Andiamo con ordine. Da qualche anno lo strumento principale per la politica di finanza pubblica è la Legge di stabilità (che ha sostituito la Legge finanziaria del 1978). La Legge di stabilità ha avuto vita breve, e anche piuttosto tormentata. Dal prossimo settembre, di Legge di stabilità non si parlerà più. Entrerà pienamente in vigore la Legge di bilancio, la cui architettura e i cui punti fondamentali sono stati approvati nel 2009, ma di cui si stanno mettendo a punto gli strumenti attuativi tramite una serie di emendamenti al testo di sette anni fa.



Non solamente, la Legge di bilancio fonde in un unico documento normativo quanto, in passato, era dapprima nella Legge finanziaria e successivamente nella Legge di stabilità (ossia la manovra di finanza pubblica per rispettare gli obbiettivi concordati in sede europea) e quanto veniva proposto, discusso, emendato e approvato nel Bilancio di previsione (e negli Stati di previsione dei singoli Ministeri). La nuova legge amplia soprattutto le flessibilità del bilancio in fase sia di formazione, sia di esecuzione dello stesso. In particolare, introducendo la tassonomia tra spese rimodulabili e non rimodulabili, prevede, per le prime, possibilità di variazione degli stanziamenti, nei limiti relativi alla natura economica della spesa e dell’invarianza complessiva dei saldi .



Nella normativa di aggiornamento e attuazione, in discussione alla Camera, sono stati aggiunti alcuni aspetti (dei quali taluni nel 2009 erano ancora nel grembo degli Dei) come l’introduzione dell’indice di Benessere equo e sostenibile (Bes, un indicatore elaborato dal Cnel e dall’Istat) e del Bilancio di Genere. Ancora più significativo è il rendere permanente la revisione della spesa o spending review: in primavera, i Ministeri specificheranno gli obiettivi di contenimento della spesa e le valutazioni verranno effettuate secondo modalità quali quelle indicate nella Guida Operativa recentemente pubblicata dal Centro Studi ImpresaLavoro; in tal modo si elimineranno, o almeno ridurranno, i defatiganti negoziati in settembre a ridosso della Legge di bilancio.

Ma andiamo al punto cruciale approvato il 15 giugno in Commissione e che da domani 21 giugno sarà in aula, prima di passare all’esame del Senato. La misura rafforza le funzioni di controllo da parte del ministero dell’Economia e delle Finanze (in pratica della Ragioneria Generale dello Stato): se nel corso di un esercizio finanziario emergono scostamenti dalla previsioni, il Mef-Rgs, “sentito il Ministero competente”, provvede a spostare le risorse da un capitolo all’altro del dicastero. Nel caso che gli stanziamenti del Ministero “sotto vigilanza” si rivelassero insufficienti (o eccessivi), su proposta del Mef, e “previa delibera del Consiglio di Ministri”, il Presidente del Consiglio “provvederà con proprio decreto” alle revisioni.

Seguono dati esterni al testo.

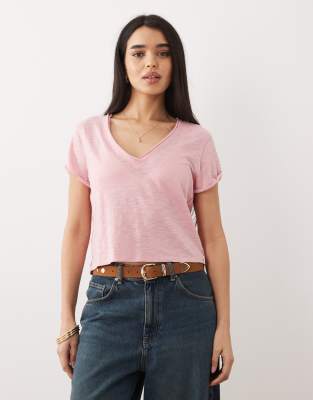 Free People - Take 2 - T-Shirt in Rosé mit V-Ausschnitt-Rosa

La misura può essere interpretata sotto diversi aspetti. Da un lato, accentua la funzione del Presidente del Consiglio: non solo coordinatore, ma, “sentito il Consiglio dei Ministri” e dopo interazione tra Mef e dicasteri interessati, dotato di funzione d’intervento dirette sull’attuazione del bilancio dello Stato. Una caratteristica che, pur senza mutare la Costituzione, rende il Presidente del Consiglio molto simile a un Cancelliere, in materia di finanza pubblica e non solo.

Ciò può piacere e non piacere. Tuttavia, occorre ricordare che l’autonomia dei singoli Ministeri (pur vigilati, per aspetti differenti, da Rgs, Corte dei Conti e quant’altro) non ha sempre avuto aspetti positivi. Nei cinque anni, ad esempio, in cui ho servito come componente del Consiglio Nazionale dei Beni Culturali e Paesaggistici (questa era la denominazione dell’epoca), mi sono confrontato con ben 254 “Contabilità speciali” di cui si era dotato il dicastero, dove , nonostante il “pianto greco” di mancanza di risorse dal 1990 al 2008 la spesa per restauri, investimenti, supporto ai beni librari e via discorrendo era stata mediamente pari al 44% delle risorse assegnate. Le Contabilità speciali “inguattavano” impegni di spesa che sovente non erano neanche basati su contratti.